The priest commented, “Wow, these Christmas cookies you made
look amazing! I bet you put in a lot of time and effort to make them.”
“Yes!” I responded. “They have only the finest ingredients,
and I used recipes that have been passed down for generations!”
“That sounds wonderful. So, did the process of preparing
them draw you into a deeper relationship with Blessed Mother? Did you become
more aware of Christ’s presence in your life while you baked them?”
“Hmm, to tell you the truth, I didn’t think much about that.
I guess I didn’t think much about Christ while I baked them at all.”
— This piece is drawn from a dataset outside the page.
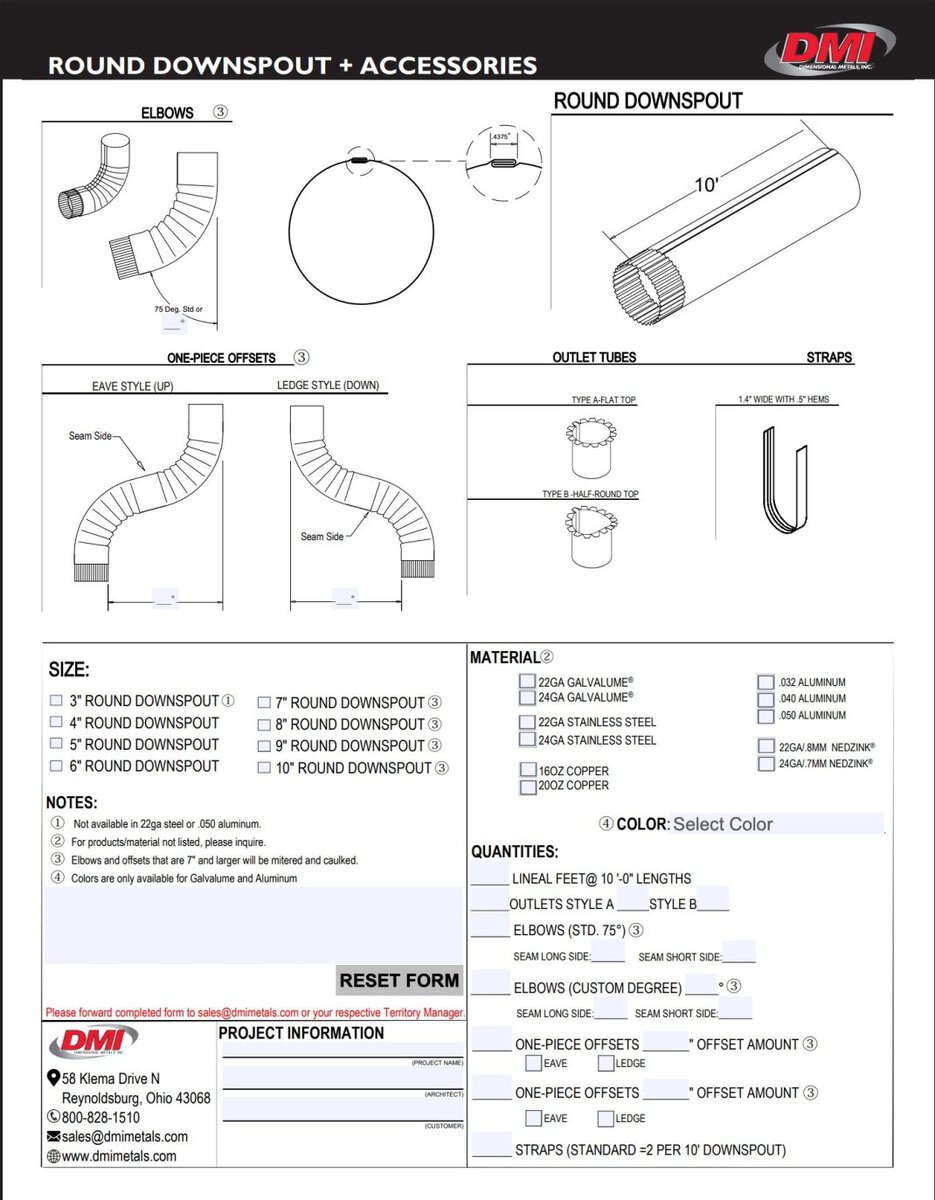 Round downspout and accessories specification sheet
The priest took the whole plate of cookies I had prepared
him and tossed them into the trash can saying, “Then they are worth garbage!”
Harsh, you say? Well, this event didn’t actually happen to
me, but something similar did to someone else and now I am the benefactor of her
shock and amazement – as I have recently been shown through the example just
how useless my actions can become when I am following my own will or acting as
if God does not exist.
Each and every aspect of my day can either be full of me or
full of GOD. I get to choose.
“The
entire world is not worthy of a man’s thought, for this belongs to God alone;
any thought, therefore, not centered on God is stolen from Him.” ~ St. John of
the Cross, Maxims and Counsels
I
have read this line from St. John of the Cross many times, but somehow the
example of the cookies that are only worth garbage has drawn out the reality of
what he was trying to say. All my actions are garbage if done without being
focused on the One who created me, the One who saved me, the One who desires to
fill me with His power and love.
Faced
with this truth, what can I do? I am so immersed in my will that it seems impossible
to believe I could ever fulfill the great command to love God with all my heart,
with all my soul and with all my mind (cf. Mt 22:37). But, then I remember I am
entrusted to Mother Mary. Jesus says to me again, “Behold, your mother” (Jn19:27).
Fr. Tadeusz Dajczer reminds us in his introduction to S. C. Biela's book God Alone Suffices that when faced with difficult situations, or what we perceive as impossible to change: “we can choose the way of faith, trusting that the endangerment is the
opportunity leading us to Jesus, who controls the situation, or, on the
Marian way, to Christ through Mary. If it is she who is in control, then we only need to find shelter under her mantle and already we become calm and safe.”
(God Alone Suffices, p. xviii. Bold emphasis added.)
Our Lady of Guadalupe's words to St. Juan Diego can become the words she says to me:
my youngest and dearest [child],
the thing that afflicts you,
is nothing.
Do not let your countenance,
your heart be disturbed. . .
.
Am I not here, I, who am
your Mother?
Are you not under my shadow
and protection?
Am I not the source of your
joy?
Are you not in the hollow of
my mantle,
in the crossing of my arms?
Do you need anything more?
(Antonio Valeriano, “Nican Mopohua: Original account of
Guadalupe,” in A Handbook on Guadalupe,
ed. francis Mary Kalvelage, trans. Mario Rojas Sánchez and Janet Barber (New
Bedford, MA: Academy of the Immaculate, 2001), 200. Italic and hard return
emphasis added.)
Now,
the Christ-mas cookies have value –
more value in the garbage than on the plate. This Advent, instead of thinking of and hungering for cookies, I am asking my MOM to hunger in me and for me for what truly matters...Her Son. My Savior.